The output tensor after processing through all layers.

Remarks

The forward pass uses sparse matrix-vector multiplication (SpMV) for efficiency. Only non-zero weights are used in computation, significantly reducing the number of operations for highly sparse networks.

GetModelMetadata()

Retrieves metadata about the sparse neural network model.

public override ModelMetadata<T> GetModelMetadata()

Returns

ModelMetadata<T>

A ModelMetaData object containing information about the network.

InitializeLayers()

Initializes the layers of the sparse neural network based on the provided architecture.

protected override void InitializeLayers()

IsValidInputLayer(ILayer<T>)

Determines if a layer can serve as a valid input layer for this network.

protected override bool IsValidInputLayer(ILayer<T> layer)

Parameters

layer ILayer<T>

Returns

bool

IsValidOutputLayer(ILayer<T>)

Determines if a layer can serve as a valid output layer for this network.

protected override bool IsValidOutputLayer(ILayer<T> layer)

Parameters

layer ILayer<T>

Returns

bool

Predict(Tensor<T>)

Makes a prediction using the sparse neural network for the given input tensor.

public override Tensor<T> Predict(Tensor<T> input)

Parameters

input Tensor<T>

The input tensor to make a prediction for.

Returns

Tensor<T>

The predicted output tensor.

SerializeNetworkSpecificData(BinaryWriter)

Serializes sparse neural network-specific data to a binary writer.

protected override void SerializeNetworkSpecificData(BinaryWriter writer)

Parameters

writer BinaryWriter

Train(Tensor<T>, Tensor<T>)

Trains the sparse neural network using the provided input and expected output.
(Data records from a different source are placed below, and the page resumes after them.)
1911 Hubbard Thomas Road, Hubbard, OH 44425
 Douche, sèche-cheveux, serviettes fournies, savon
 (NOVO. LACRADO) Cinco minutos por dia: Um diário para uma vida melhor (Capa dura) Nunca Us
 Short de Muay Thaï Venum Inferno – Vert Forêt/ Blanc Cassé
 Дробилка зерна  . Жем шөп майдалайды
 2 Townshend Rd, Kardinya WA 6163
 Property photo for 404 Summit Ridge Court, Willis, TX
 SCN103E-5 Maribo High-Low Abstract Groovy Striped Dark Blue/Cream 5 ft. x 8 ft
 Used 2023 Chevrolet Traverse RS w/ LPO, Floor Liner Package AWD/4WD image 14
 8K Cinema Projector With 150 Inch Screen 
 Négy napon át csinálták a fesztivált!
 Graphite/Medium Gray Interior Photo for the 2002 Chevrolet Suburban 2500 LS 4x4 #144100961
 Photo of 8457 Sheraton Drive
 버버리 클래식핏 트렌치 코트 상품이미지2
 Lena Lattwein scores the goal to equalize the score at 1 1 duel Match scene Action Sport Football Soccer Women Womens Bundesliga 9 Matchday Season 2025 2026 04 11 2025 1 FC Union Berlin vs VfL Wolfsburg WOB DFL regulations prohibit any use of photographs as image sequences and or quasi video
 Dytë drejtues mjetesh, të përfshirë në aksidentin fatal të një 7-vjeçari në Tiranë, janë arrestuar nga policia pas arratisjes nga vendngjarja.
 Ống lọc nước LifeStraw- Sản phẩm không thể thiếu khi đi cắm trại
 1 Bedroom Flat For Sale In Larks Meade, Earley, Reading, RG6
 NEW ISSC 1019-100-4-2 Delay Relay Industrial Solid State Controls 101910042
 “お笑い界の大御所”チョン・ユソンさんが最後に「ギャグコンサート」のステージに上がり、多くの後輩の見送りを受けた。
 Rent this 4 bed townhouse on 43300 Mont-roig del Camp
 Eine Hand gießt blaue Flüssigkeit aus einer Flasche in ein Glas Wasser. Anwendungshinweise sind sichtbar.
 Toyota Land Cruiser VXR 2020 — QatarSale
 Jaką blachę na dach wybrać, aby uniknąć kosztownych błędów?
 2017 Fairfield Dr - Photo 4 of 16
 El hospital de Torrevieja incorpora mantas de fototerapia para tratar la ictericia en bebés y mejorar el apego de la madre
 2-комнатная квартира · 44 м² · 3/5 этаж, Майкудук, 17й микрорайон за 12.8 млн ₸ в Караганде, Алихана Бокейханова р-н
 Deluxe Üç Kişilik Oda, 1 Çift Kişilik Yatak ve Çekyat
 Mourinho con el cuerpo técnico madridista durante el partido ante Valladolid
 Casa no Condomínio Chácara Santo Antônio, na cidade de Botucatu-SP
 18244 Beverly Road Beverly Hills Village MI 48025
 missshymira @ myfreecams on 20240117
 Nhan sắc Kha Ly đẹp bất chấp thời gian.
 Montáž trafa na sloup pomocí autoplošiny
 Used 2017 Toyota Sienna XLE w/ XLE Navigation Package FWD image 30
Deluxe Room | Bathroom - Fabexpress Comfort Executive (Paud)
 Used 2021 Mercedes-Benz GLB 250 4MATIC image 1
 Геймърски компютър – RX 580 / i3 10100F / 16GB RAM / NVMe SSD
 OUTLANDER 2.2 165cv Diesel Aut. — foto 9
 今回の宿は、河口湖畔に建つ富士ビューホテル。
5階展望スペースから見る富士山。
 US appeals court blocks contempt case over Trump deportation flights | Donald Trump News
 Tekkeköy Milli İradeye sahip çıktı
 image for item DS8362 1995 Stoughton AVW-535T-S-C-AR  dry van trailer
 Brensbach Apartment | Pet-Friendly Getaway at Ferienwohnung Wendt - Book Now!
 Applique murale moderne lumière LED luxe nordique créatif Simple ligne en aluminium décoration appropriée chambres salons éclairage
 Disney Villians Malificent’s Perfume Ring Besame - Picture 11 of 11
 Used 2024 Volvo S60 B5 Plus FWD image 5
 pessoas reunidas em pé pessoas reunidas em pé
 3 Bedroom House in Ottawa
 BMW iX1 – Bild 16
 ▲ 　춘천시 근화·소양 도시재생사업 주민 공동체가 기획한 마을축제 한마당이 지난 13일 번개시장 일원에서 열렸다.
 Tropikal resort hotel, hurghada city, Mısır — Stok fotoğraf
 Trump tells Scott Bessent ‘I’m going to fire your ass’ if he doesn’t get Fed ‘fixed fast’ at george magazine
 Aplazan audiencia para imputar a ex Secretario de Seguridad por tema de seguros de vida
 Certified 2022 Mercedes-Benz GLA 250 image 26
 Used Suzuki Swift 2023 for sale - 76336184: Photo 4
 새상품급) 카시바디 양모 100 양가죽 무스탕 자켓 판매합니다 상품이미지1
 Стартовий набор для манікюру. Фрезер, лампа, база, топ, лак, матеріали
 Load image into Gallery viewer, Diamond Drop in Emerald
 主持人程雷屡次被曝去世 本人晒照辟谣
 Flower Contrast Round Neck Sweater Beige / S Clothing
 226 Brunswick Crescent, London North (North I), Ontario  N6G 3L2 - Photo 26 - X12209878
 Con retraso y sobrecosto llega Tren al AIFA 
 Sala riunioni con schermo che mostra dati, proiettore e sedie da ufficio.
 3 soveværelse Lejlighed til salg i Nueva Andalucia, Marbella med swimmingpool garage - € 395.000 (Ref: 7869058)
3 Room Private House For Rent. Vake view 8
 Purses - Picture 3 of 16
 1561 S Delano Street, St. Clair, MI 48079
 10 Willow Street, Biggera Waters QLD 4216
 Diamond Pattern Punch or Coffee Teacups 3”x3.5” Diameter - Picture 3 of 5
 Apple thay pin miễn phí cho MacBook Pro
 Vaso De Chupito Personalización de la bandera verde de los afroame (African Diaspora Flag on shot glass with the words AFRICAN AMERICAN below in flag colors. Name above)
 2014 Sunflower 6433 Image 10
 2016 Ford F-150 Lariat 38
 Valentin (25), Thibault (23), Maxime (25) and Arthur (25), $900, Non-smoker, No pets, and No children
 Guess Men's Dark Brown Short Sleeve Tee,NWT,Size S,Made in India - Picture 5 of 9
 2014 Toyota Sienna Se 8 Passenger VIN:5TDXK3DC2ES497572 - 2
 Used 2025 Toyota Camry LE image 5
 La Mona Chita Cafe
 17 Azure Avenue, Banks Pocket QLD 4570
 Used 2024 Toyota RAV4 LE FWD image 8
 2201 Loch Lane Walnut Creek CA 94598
public override void Train(Tensor<T> input, Tensor<T> expectedOutput)

Parameters

input Tensor<T>

The input tensor for training.

expectedOutput Tensor<T>

The expected output tensor for the given input.

Remarks

Training maintains the sparsity pattern - only non-zero weights are updated. This means the network structure is fixed after initialization; use dynamic sparsity techniques if you need the sparsity pattern to evolve during training.

UpdateParameters(Vector<T>)

Updates the parameters of all layers in the network.

public override void UpdateParameters(Vector<T> parameters)

Parameters

parameters Vector<T>

A vector containing all parameters for the network.